Some of the hits from the past few weeks are:
- Whole wheat garlic knots using this Joy the Baker recipe. These are great, but you should double the garlic/butter/parsley mixture, and maybe even incorporate some into the dough. I’m starting to suspect that many recipe authors play down the amount of butter and oil their dishes require, hoping that cooks will figure it out on their own. I can’t count the number of times a recipe has asked me to sautee something in 1-2 tbsp of olive oil, when what’s really required is more like 3-4 tbsp. This seems a little silly, since the results can only end with cooks thinking poorly of the recipe, either for being wrong or for producing bad food. Joy the Baker doesn’t seem likely to be playing this game, but who knows.
- English muffins using this King Arthur Flour recipe. I omitted the “pizza dough flavor” – what an abomination. I love King Arthur, but I wish their recipes didn’t include so many of their own products. I already have ancient grains in my pantry; I don’t need to buy your ancient grain blend to make this bread. Pre-made mixes and blends make me sad. I didn’t omit the sugar in this one but should have. I did skip using English muffin rings, since I don’t have any. More on that below.
- Zucchini-sweet potato quick bread using this recipe from Joy the Baker. This is one of the recipes that makes me pretty confident Joy the Baker isn’t underestimating how much “bad” stuff the recipes require. If anything, I think she overshot it here. I halved the sugar and this bread was still too sweet for me. I also substituted plain non-fat yogurt for 2/3 of the olive oil. At the end of the day I think I’m just not into quick breads; they’re too much like dessert, which is not what I’m after when I bake.
- A gorgeous white bread loaf using Mark Bittman’s no-knead recipe. I could go on and on about this one. The crumb, the crust, oh my! I am pretty sure this is the best homemade bread I’ve ever had. It’s also quite easy on the eyes. The odd thing about the recipe is that it’s not as fast as the name makes it sound. Just because you aren’t kneading it doesn’t mean you aren’t doing other stuff. And the waiting time – 18 hours! – is just nuts. But if you time it right, say by starting late the night before, you can definitely make it work. I’m looking forward to trying the variations Bittman has created on this, including a whole-wheat version and a faster version.
This is all in addition to an awful lot of ciabatta, our absolute favorite bread. Applying lessons learned like “kneading really does matter” has helped us take this bread to the next level, something we didn’t think was possible after having made it dozens if not hundreds of times. Some other lessons learned from this most recent batch of new bread recipes include:
- You can almost always replace at least 1/4 of the white flour with a whole grain. I can barely taste the difference, and when I can it’s usually for the better. I also know that every little bit counts.

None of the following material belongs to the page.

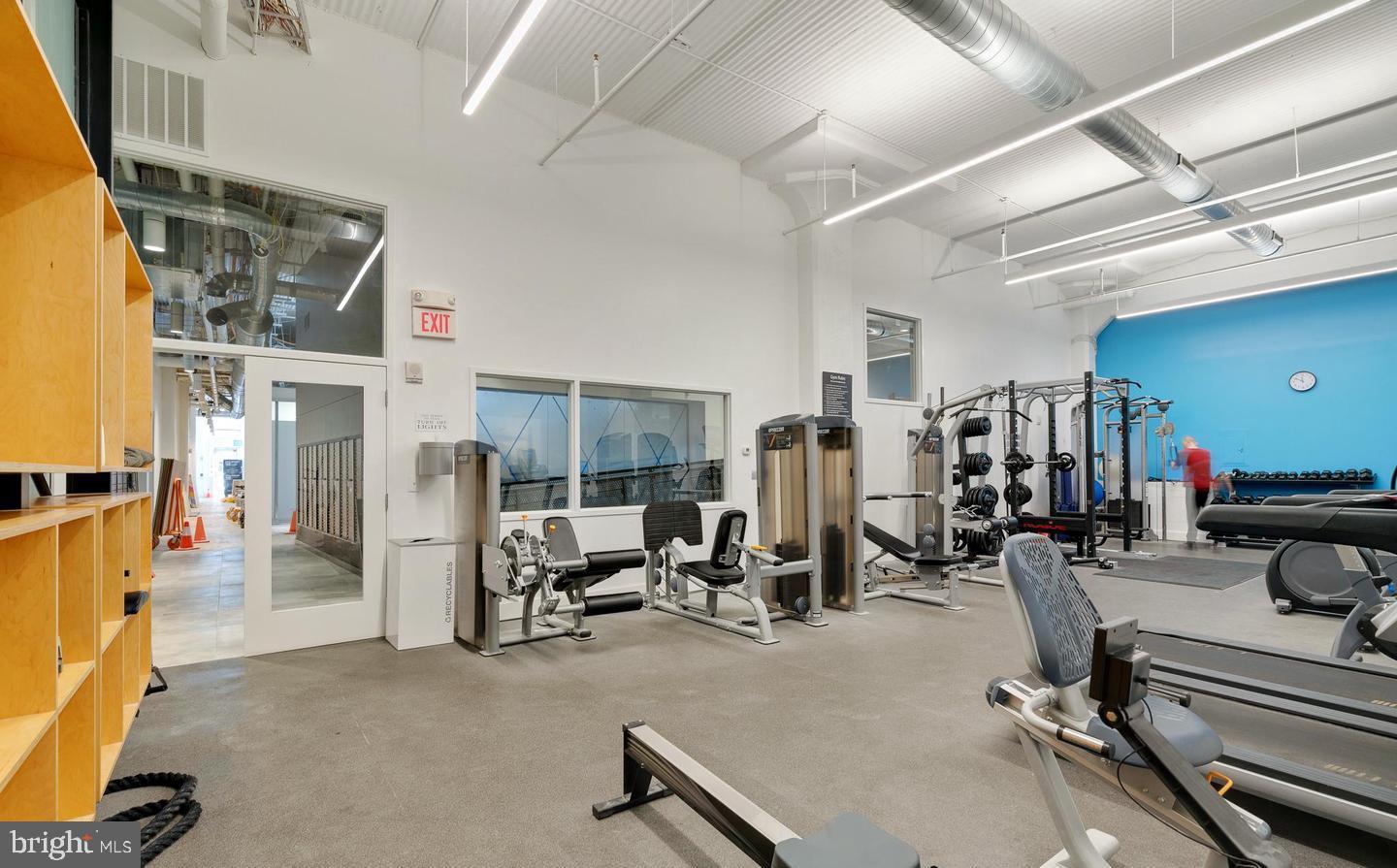 2200 ARCH STREET 28 906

- You can usually improve bread by halving the amount of sugar it contains. There’s no need for a quick bread to have 2 cups of white sugar, and English muffins don’t even need 2 tablespoons.
- Squirting water onto bread has more effect in the last few minutes it’s cooking than in the first. This theory is unverified, but that seems to be our experience so far. We do this a lot when we make ciabatta.
- Sometimes you don’t need the fancy gear…but sometimes you do. English muffins taste just as good when you make them without English muffin rings, and they don’t look half bad either. Ravioli without a pasta maker to roll out the sheets, however? I won’t be trying that twice.